Barclays Bank Ghana and Asoriba signed an initial proof of concept (POC) agreement, a common approach used by companies to assess the viability and desirability of a product or service. Under the agreement, requests to open bank accounts with Barclays Bank Ghana would be referred directly to Barclays Africa via the Asoriba app, generating customer leads. Only one month into the POC, Asoriba had generated a staggering 200+ leads for our bank with a significant amount of these leads converted into new accounts.

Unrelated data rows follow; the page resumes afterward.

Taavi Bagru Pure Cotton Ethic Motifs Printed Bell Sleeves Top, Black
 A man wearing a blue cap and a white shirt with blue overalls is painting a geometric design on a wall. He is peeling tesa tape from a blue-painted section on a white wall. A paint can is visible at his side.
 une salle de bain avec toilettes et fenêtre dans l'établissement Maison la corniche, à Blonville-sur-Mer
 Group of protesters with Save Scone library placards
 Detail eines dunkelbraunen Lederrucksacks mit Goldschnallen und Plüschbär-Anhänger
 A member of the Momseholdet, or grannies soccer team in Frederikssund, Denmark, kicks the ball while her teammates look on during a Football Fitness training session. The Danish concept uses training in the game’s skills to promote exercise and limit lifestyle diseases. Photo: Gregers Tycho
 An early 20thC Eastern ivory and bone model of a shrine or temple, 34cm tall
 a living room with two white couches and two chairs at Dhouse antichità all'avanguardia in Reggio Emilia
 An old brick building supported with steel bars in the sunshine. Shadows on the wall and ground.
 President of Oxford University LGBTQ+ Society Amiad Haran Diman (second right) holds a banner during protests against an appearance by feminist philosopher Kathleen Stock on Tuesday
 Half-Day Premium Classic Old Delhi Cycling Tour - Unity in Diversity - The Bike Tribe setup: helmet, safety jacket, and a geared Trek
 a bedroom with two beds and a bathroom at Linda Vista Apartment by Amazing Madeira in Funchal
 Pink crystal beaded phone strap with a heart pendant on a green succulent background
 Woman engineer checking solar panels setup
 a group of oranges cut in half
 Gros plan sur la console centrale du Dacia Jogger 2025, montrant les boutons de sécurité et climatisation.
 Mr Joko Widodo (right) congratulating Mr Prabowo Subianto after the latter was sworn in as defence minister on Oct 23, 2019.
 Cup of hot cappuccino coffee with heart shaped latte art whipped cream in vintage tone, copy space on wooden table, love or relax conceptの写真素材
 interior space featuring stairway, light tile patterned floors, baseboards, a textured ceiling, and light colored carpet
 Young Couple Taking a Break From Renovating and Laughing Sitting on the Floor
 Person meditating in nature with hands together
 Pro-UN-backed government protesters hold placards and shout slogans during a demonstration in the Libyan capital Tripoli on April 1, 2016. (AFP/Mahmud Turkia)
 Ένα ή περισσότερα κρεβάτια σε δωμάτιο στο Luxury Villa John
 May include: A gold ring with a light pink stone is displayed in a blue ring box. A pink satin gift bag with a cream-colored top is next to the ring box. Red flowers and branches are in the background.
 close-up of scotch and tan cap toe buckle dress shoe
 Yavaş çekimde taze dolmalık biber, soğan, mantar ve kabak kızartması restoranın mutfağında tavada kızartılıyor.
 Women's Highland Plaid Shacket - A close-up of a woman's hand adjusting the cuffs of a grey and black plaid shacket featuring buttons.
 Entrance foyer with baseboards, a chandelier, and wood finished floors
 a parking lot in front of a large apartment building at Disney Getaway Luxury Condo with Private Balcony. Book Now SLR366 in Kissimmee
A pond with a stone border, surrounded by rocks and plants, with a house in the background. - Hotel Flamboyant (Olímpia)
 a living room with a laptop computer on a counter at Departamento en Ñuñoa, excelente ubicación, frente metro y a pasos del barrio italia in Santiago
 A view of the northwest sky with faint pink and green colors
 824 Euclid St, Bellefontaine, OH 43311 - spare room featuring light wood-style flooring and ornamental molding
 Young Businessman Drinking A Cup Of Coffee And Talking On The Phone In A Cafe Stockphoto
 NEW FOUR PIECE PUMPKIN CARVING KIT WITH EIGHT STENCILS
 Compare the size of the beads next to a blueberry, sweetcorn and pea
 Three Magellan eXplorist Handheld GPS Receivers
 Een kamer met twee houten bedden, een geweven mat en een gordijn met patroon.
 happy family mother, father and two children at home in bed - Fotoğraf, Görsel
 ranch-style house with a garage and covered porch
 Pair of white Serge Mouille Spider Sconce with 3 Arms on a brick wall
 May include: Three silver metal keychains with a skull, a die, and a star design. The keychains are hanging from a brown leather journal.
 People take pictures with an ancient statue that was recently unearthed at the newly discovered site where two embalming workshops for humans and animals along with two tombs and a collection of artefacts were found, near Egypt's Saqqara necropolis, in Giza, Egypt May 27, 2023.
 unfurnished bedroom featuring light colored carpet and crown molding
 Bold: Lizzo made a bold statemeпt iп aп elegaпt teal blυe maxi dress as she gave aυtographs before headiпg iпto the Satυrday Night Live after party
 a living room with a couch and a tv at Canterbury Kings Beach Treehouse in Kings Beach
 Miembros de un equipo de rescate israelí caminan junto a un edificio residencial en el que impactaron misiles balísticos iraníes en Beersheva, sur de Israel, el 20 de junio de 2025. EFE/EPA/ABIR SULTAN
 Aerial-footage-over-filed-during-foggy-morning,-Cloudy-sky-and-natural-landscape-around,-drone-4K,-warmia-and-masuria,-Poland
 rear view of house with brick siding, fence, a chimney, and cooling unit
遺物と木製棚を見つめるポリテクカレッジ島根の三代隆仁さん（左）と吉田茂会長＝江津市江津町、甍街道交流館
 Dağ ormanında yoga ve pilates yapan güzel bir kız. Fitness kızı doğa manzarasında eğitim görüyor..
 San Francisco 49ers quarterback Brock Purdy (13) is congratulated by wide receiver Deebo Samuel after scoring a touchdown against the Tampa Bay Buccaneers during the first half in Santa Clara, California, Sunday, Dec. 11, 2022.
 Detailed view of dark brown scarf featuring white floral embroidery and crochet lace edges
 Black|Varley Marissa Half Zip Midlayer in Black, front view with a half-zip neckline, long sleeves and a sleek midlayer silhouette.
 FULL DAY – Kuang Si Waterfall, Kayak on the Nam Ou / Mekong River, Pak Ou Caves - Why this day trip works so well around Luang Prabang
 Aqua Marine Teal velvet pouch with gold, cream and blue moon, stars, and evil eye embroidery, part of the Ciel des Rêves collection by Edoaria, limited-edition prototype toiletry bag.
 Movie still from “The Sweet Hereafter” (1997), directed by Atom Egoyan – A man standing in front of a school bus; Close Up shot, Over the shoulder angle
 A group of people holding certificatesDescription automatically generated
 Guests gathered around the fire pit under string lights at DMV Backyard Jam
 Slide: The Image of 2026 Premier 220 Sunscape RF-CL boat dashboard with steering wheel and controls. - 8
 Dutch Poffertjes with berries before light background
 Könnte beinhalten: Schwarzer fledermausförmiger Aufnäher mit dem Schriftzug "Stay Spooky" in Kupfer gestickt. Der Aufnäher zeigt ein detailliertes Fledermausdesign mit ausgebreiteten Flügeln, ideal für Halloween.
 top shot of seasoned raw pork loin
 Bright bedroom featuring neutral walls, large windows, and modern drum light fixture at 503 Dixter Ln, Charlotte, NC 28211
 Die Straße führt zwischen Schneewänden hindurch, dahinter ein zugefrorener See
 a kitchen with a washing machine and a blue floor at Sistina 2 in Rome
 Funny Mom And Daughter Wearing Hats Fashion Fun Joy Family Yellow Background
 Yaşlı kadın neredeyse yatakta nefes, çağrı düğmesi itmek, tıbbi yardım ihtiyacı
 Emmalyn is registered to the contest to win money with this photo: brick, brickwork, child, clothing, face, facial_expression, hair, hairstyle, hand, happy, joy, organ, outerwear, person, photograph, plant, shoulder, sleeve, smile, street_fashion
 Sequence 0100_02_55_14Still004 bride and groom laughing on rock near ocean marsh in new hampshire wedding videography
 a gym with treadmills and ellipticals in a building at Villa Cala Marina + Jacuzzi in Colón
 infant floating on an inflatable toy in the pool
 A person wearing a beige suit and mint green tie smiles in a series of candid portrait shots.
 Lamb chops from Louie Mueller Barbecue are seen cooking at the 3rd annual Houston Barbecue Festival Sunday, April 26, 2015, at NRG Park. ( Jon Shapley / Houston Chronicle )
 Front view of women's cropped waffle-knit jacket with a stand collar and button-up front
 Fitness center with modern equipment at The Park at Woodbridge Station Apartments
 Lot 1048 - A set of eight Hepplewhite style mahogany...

While the collaboration is addressing our bank’s challenges around sustainable client acquisition, the relationship is proving just as fruitful for Asoriba. Like most start-ups with creative cutting edge technology, Asoriba were still evolving in areas that would enable them to truly refine and scale their business on a global scale. Since participating in the Barclays Rise Accelerator programme, Asoriba’s user base has grown exponentially and their brand identity is getting stronger across the whole continent as well as abroad including attracting attention from Facebook’s top management as recently witnessed in their annual F8 developer conference. In just a short time, the relationship has shown that it drives financial inclusion and creates jobs for young motivated and innovative Ghanaians, with the Asoriba team themselves growing from five to twelve.
FTC: Africa and Asia have become hotbeds of payment innovation largely on account of the financial inclusion agenda and widespread use of mobile-phones as a payment channel. Do you think we will see other fintech sub-verticals such as InsurTech, RegTech and PropTech begin to take force in the continent?
YH: Absolutely, and I’ll reference some of the startups in our 2017 Barclays Accelerator. The Sun Exchange is a South African startup that enables anyone, anywhere to own and earn from solar panels that power Africa, India and other developing economies. The company enables users to purchase solar cells, which are then leased to businesses such as hospitals, factories, and schools, generating an income for users and enabling many more organisations to employ cleaner energy.
In Kenya, the fintech start-up Flexpay, provides an automated and secured lay-buy system that manages the purchase of goods. Customers can choose to pay for goods over varying periods of time, making these products accessible to many more buyers.
We are also working with Sensorit, an innovative start-up that has set out to build technology that improves driving safety and security. Ultimately, customers will be able to benefit from an enhanced driving experience and reduced insurance premiums based on a scoring model deduced from driver behaviour as well as a minimising and positively reducing rate of potential accidents.